ClubsNSW proposes that family members be able to ban people who suffer from gambling harm.
Australia.- ClubsNSW, which represents the 1,400 registered clubs in New South Wales, has released a draft Gaming Code of Practice that proposes to allow the families of people suffering from gambling harm to request that they be banned from NSW clubs.
The Code of Practice proposes the creation of an independent panel to determine whether exclusion requests are appropriate. The panel would decide the duration of the ban. The code also proposes that each club be required to appoint a responsible gaming officer.
Staff would be trained to recognise the signs of problem gambling, and clients showing serious signs would receive counselling or could potentially be banned from the club. ClubsNSW said indicators could include seeking credit to gamble, borrowing money from other customers or admitting to stealing money to gamble.
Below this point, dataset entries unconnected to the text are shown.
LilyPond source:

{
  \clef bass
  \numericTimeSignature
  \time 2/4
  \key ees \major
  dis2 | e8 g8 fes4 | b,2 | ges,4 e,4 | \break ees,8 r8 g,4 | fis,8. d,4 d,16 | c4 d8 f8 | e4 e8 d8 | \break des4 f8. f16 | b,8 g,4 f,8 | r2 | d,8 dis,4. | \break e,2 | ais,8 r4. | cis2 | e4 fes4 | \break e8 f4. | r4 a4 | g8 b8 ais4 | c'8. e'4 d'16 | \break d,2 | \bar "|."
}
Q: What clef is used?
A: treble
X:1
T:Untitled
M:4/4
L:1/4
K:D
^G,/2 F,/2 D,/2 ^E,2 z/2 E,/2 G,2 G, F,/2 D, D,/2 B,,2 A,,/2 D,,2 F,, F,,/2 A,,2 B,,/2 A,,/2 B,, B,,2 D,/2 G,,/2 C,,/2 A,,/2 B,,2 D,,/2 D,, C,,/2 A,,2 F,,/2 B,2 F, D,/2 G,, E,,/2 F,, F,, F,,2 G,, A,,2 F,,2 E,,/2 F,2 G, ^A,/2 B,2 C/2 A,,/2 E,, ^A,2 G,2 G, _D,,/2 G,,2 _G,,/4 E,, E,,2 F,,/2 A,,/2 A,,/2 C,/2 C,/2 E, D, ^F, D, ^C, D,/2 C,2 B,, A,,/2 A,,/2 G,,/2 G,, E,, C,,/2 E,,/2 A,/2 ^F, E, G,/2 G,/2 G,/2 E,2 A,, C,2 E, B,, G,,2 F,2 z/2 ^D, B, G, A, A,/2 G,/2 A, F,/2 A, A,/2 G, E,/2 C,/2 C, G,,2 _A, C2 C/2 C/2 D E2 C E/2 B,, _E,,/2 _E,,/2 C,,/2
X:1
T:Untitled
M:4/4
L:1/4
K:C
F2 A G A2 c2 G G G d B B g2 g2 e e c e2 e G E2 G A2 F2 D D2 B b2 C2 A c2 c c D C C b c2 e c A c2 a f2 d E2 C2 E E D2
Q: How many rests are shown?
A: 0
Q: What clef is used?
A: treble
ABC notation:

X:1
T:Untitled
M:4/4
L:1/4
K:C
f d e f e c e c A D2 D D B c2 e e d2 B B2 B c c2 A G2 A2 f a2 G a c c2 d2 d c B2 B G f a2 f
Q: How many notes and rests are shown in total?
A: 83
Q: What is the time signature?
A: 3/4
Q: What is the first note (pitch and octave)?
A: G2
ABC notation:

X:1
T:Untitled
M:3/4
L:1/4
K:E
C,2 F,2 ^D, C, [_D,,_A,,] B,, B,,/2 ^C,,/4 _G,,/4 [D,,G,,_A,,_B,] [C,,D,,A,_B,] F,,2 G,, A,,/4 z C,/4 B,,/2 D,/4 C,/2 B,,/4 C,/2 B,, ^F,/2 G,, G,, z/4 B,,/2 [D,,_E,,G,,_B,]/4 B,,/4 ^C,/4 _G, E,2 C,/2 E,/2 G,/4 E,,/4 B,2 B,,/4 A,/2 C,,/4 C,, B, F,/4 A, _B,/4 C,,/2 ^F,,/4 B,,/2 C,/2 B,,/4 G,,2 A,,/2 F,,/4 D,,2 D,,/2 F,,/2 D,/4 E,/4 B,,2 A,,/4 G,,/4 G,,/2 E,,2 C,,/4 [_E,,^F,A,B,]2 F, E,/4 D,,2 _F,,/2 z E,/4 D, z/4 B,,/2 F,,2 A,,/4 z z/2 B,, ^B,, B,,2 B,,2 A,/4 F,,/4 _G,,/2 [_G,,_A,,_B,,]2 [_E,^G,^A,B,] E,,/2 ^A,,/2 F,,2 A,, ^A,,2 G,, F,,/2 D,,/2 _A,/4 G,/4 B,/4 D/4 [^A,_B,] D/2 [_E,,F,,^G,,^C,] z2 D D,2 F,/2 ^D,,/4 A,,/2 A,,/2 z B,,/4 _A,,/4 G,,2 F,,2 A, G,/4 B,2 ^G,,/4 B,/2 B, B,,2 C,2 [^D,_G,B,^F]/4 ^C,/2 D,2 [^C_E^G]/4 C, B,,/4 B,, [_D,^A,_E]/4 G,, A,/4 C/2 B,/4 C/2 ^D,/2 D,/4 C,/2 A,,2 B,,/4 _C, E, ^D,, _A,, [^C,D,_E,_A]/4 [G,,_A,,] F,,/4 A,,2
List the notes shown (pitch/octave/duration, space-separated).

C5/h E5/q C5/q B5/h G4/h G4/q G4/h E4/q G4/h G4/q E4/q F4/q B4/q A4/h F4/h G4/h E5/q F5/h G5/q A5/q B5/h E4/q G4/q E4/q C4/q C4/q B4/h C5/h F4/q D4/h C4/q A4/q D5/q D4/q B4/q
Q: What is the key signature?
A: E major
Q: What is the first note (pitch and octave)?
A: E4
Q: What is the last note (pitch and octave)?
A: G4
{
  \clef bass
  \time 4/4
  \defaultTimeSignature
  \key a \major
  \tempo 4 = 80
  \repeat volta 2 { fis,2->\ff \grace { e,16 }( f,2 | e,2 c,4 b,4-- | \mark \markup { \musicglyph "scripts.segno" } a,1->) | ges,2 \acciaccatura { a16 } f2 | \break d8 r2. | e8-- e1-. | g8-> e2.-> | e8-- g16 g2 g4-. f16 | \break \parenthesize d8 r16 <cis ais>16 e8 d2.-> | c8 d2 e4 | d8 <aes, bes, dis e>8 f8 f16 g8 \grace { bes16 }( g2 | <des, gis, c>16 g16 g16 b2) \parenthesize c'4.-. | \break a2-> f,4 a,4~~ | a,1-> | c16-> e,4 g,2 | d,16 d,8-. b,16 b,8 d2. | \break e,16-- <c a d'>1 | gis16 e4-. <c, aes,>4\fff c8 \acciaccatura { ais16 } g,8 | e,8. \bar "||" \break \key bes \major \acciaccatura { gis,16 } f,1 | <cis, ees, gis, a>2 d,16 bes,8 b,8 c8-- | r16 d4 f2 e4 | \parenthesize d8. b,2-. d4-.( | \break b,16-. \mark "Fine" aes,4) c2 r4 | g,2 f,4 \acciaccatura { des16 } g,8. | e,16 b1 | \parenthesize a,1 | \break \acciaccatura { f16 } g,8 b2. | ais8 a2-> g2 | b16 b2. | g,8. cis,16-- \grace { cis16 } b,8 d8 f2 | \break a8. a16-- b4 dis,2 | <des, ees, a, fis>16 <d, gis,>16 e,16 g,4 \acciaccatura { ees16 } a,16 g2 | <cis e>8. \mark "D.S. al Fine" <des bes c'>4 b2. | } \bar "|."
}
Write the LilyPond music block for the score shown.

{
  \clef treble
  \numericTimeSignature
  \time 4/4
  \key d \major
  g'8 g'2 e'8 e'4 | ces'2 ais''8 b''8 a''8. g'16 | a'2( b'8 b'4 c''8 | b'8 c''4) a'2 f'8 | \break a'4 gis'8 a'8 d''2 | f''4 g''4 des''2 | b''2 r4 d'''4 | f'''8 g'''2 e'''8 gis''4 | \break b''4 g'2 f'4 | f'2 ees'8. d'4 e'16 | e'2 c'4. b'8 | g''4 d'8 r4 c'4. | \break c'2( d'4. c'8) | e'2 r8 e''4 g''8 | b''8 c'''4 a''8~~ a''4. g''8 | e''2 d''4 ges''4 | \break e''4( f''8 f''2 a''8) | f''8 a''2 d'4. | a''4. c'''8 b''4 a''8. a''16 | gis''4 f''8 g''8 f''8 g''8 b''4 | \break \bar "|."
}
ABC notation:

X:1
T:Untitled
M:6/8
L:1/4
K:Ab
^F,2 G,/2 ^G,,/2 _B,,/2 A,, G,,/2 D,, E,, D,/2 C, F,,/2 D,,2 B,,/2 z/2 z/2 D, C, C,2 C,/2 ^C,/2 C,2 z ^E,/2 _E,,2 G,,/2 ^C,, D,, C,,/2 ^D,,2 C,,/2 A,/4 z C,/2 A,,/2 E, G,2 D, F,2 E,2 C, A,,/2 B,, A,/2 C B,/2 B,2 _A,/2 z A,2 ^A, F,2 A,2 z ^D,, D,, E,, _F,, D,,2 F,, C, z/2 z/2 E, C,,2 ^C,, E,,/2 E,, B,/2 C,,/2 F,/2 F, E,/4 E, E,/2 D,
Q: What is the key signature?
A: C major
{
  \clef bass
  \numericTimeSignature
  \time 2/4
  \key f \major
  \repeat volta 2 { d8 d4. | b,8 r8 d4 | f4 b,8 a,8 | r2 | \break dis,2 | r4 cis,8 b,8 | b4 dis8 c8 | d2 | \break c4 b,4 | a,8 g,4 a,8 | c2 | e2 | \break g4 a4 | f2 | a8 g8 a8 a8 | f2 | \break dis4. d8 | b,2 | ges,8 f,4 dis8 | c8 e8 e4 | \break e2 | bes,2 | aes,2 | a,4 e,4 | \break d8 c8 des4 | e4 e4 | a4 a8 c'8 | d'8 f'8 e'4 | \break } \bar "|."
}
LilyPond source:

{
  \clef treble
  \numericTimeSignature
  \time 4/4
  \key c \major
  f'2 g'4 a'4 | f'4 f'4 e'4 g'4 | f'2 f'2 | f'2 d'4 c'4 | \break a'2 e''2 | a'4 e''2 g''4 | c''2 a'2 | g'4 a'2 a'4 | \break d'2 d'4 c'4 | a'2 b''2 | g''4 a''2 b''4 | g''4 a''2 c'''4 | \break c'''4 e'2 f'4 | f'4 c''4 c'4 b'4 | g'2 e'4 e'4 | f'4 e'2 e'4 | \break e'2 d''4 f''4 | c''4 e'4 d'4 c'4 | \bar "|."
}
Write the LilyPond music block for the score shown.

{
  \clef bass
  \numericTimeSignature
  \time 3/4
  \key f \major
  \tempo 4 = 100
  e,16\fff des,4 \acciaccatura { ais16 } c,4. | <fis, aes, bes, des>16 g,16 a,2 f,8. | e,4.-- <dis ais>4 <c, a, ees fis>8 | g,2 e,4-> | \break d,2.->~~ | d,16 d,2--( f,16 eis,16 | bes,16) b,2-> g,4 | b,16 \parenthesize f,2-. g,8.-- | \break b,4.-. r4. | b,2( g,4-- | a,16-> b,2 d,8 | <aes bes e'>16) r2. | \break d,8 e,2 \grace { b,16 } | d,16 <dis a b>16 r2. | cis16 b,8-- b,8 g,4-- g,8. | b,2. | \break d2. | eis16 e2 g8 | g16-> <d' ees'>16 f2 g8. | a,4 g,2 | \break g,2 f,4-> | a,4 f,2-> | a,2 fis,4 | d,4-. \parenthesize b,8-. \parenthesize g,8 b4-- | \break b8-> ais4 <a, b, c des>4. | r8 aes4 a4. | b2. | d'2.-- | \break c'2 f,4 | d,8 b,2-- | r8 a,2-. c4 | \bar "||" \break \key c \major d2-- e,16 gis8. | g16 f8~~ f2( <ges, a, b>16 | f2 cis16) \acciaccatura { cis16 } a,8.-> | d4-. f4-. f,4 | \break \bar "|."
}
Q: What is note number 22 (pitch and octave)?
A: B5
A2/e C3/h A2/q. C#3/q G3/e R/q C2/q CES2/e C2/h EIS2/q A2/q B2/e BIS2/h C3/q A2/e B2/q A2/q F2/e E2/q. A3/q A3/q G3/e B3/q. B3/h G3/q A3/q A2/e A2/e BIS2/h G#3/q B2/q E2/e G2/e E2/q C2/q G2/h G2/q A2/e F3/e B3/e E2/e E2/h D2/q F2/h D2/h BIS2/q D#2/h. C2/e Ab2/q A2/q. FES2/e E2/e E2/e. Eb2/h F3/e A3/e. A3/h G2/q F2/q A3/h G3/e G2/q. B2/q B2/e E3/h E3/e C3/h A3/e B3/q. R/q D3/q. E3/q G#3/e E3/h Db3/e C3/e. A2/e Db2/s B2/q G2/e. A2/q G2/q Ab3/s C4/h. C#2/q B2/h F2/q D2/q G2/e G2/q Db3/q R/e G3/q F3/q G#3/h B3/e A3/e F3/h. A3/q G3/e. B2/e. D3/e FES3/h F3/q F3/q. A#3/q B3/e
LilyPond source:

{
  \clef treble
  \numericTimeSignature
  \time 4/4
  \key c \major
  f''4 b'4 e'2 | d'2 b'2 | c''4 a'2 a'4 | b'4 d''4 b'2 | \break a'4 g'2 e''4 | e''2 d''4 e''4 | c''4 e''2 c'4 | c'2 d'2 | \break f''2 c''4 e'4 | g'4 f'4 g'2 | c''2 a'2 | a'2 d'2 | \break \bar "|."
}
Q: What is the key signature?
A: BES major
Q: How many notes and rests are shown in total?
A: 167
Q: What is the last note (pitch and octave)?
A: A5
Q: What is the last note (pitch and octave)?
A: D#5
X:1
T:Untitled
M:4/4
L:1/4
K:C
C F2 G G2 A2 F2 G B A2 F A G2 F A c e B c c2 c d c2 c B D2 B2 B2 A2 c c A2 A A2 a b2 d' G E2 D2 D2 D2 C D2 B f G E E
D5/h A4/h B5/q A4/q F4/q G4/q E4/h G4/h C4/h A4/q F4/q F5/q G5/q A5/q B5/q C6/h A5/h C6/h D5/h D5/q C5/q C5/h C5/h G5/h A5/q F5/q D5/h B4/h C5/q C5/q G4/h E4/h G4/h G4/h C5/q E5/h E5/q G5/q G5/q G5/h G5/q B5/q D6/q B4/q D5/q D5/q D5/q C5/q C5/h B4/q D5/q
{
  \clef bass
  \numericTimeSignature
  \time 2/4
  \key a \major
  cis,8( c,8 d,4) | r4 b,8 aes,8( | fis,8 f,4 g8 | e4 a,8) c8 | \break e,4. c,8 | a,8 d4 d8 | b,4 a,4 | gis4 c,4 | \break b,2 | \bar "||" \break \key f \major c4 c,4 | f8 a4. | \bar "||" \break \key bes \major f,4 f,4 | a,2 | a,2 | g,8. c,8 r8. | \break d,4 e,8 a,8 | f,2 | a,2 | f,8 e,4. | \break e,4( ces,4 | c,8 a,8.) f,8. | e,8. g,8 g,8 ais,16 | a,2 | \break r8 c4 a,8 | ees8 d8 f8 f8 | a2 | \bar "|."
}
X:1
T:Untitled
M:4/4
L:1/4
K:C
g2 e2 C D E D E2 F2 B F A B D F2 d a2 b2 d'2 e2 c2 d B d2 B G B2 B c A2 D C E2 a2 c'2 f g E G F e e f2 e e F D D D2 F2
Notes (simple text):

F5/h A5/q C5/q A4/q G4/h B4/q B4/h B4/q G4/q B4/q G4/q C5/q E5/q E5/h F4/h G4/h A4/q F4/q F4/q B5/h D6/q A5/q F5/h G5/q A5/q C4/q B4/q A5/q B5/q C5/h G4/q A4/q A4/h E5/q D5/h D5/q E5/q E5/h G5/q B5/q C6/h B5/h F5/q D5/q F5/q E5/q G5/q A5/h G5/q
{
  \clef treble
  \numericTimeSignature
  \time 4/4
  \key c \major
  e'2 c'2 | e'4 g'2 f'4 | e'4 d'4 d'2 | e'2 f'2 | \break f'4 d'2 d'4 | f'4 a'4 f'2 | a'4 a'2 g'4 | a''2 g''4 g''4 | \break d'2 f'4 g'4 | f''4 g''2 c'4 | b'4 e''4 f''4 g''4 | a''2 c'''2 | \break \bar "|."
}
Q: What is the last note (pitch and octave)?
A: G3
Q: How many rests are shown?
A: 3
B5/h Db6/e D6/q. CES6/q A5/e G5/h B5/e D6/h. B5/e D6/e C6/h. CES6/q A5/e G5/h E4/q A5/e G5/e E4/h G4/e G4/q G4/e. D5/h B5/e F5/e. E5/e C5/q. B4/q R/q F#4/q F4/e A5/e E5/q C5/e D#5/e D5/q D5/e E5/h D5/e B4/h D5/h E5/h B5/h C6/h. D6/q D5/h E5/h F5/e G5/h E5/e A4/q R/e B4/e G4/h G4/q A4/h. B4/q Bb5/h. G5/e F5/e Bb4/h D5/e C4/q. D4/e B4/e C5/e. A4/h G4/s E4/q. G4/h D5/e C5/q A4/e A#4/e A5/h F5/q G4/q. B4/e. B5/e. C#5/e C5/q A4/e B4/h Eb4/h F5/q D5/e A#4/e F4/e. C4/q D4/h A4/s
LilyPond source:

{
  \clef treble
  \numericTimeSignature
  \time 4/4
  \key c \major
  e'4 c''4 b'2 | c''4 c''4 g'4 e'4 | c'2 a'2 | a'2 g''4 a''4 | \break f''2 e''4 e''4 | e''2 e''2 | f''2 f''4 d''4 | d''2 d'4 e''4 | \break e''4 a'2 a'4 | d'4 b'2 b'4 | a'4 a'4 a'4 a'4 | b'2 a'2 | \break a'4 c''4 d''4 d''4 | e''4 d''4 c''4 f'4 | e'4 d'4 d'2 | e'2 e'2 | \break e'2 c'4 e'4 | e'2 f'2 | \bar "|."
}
ClubsNSW CEO Josh Landis told ABC: “This new Gaming Code of Practice will ensure all clubs operate to standards which are higher than the legal requirements, giving members, patrons and the broader community greater peace of mind that they can feel safe in their club.”
However, the proposal has been heavily criticised by The Alliance for Gambling Reform’s chief advocate, Tim Costello, who said ClubsNSW Code of Practice is “a cynical move designed to avoid real reform”.
Costello said: “It is too little, too late and it still puts the power in the hands of clubs and its so-called independent panel to determine if someone is impacted by gambling harm.”
The New South Wales Crime Commission (NSWCC) is calling for submissions as part of an inquiry into money laundering via electronic gaming machines (EGMs) at licenced premises. The inquiry, launched last December, is being conducted by the NSWCC in partnership with the Independent Liquor & Gaming Authority, Australian Criminal Intelligence Commission and AUSTRAC.
It seeks information on the following topics:
- Employment and training of staff in licenced venues with approved EGMs including Responsible Conduct of Gambling training, National Police checks, individual declarations and legislative changes.
- EGM data and transaction monitoring opportunities to better prevent and detect money laundering in the sector including the potential reduction of credit limits, additional information that could be displayed on gaming machine tickets, legislative requirements relating to payments, enhanced data collection and analytics to assist in the detection of money laundering.
Submissions should be made by July 22.